デクスターの「実の父親」の死。そしてどうやら、その死にはルディ(=アイストラック・キラー)が関わっているのではという疑惑が。ハリーは、デクスターの実の両親は「事故で亡くなった」と言っていた。パパの言葉を信じないなんてひどい! とデボラは怒っているのだが、どうやら本当の怒りは「デクスターの家族」は自分だけなのに、そこに他人が割り込んでくるなんて許せない! というところじゃないかな。どちらにしても、成人して恋人もいる女性の言葉としては少々子どもっぽい気がする。
あれ? でも6話でデボラはラグェルタに「父が犯罪現場(crime scene)でデクスターを見つけた」と言っていたし、ラグェルタも「警官(ハリー)が事件と個人的に関わった」ことを知っていたはずなのにな。子どもだから「事故」と言っていたのであれば、嘘をついたと今さらショックを受けることもなかろうし。
今回はデクスターの「お仕事」はなし。アイストラック・キラーも活動せず(最後にドリスコルの隣人の家にいたのが気になるが……)、その代わりといっては変だがドークスがハイチの極悪人を射殺。

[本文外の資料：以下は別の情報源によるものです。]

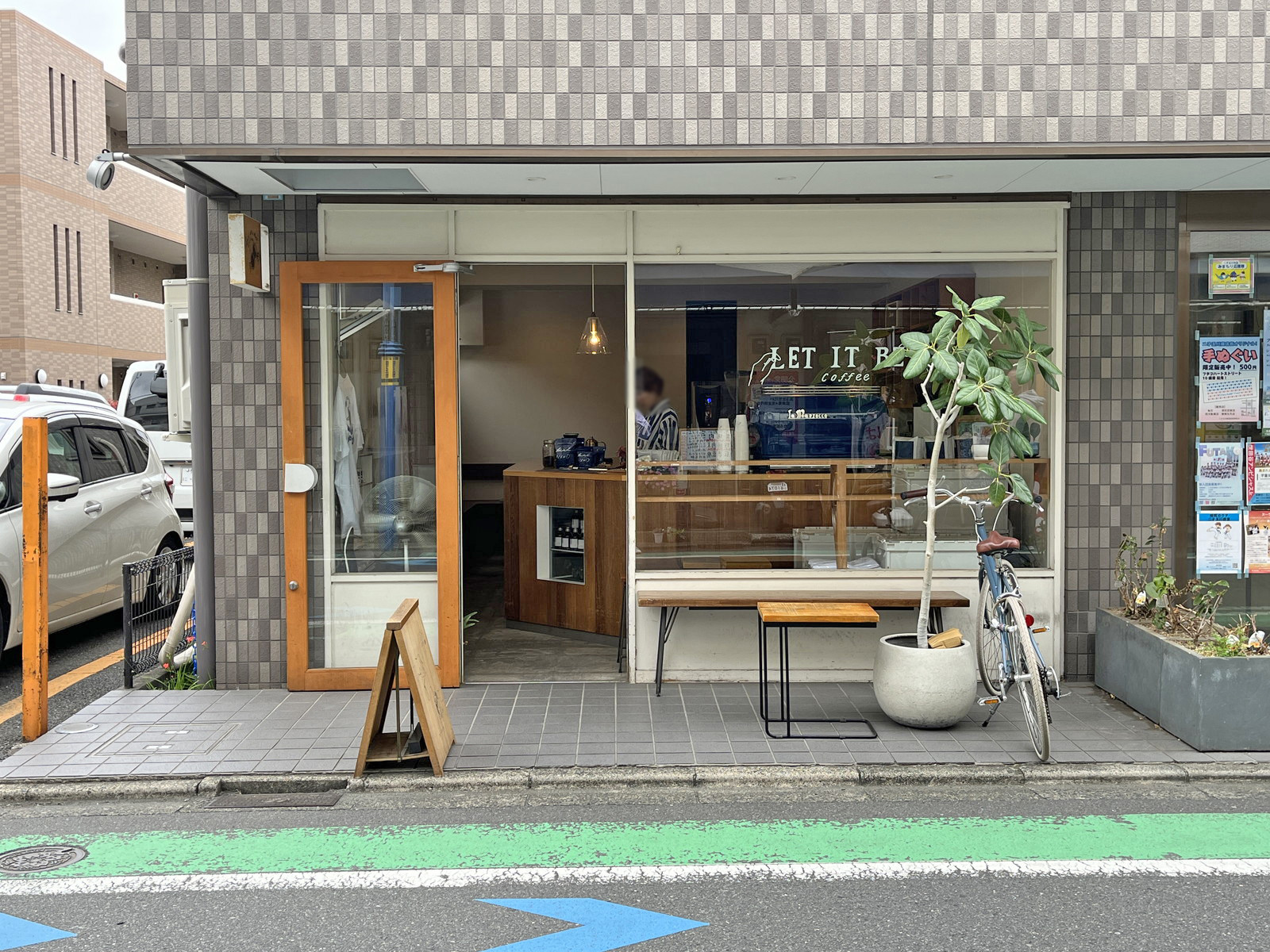 徒歩1分のカフェ
Let It Be Coffee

デクスターとドークスって、何だか表裏一体というか、殺人という一点を軸にして対極にいる存在のように思える。容姿も性格も正反対。同じように悪人を処刑しているが、デクスターが内的な殺人衝動から殺すのに対して、ドークスは(おそらく)自らの正義感によって処刑を行っている。デクスターは犯罪者として証拠を隠滅して罪を逃れているが、ドークスは権力の庇護で処分を逃れる。
ところで、荷物を片付けるデクスターとルディが、ゴミ袋をガサゴソしたり、テープをピッと破いたり、カッターナイフを閃かせたりする演出がさりげなく面白かった。

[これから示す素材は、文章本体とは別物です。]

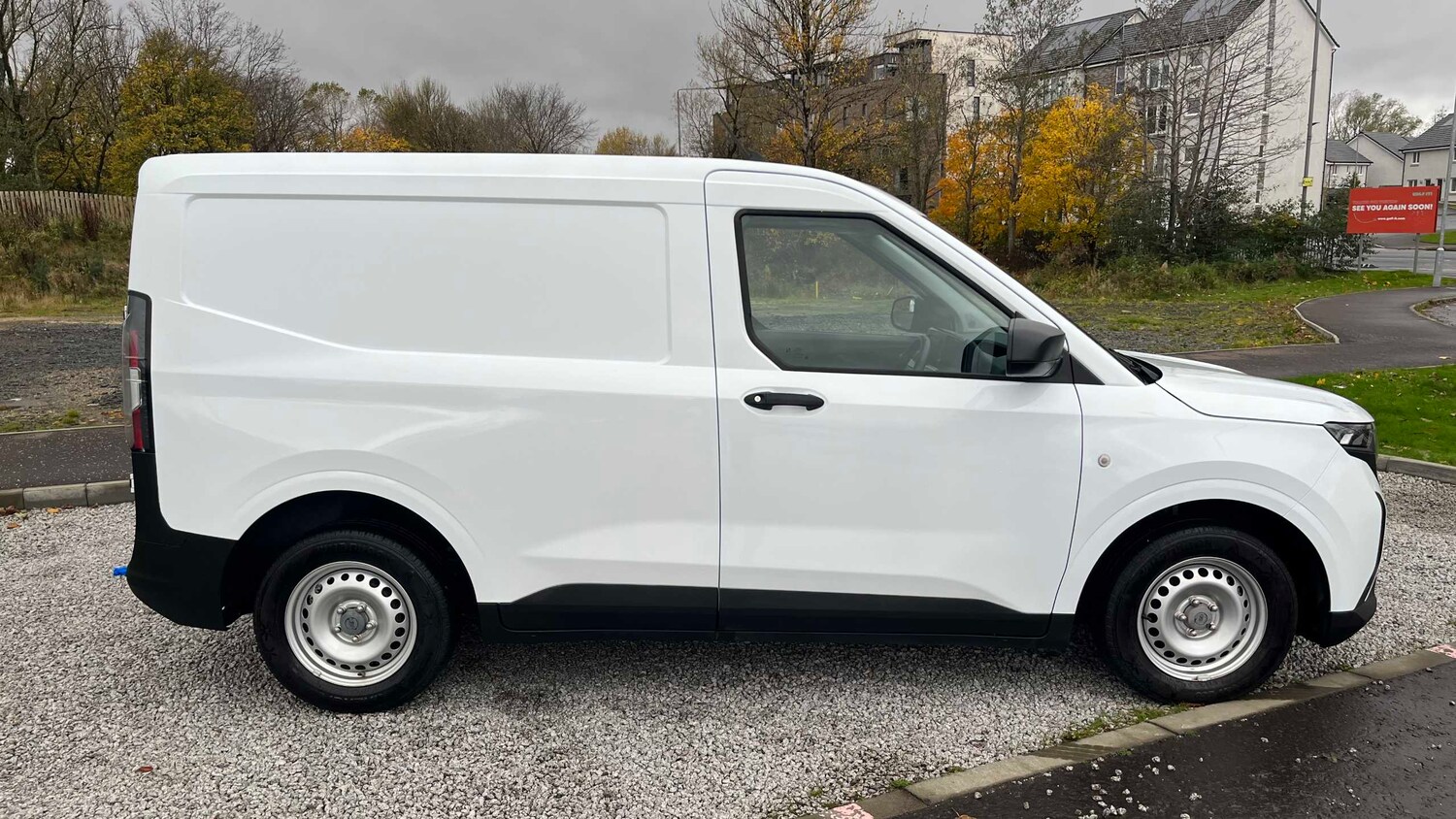 Used Ford Transit Courier 2024 for sale - 76460146: Photo 8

そしてデクスターのTシャツには、また変な日本語が。「勇気は買戻しを提供する」って何じゃそりゃ!
……うーん、推察するに「買戻し」は redemption ではないだろうか。確かに買戻しとか回収の意味もあるけれど、「贖罪」「償い」という意味でも使われる。つまり「勇気を持って罪を償う」とか、あるいは「贖罪には勇気が必要である」とかそんなような文章を翻訳機にかましたら、上記の文が出てきたのではないかと想像。うーん、そうだとすると、もしかしてこのシャツには何か深い意味があったりしないかな。しないか。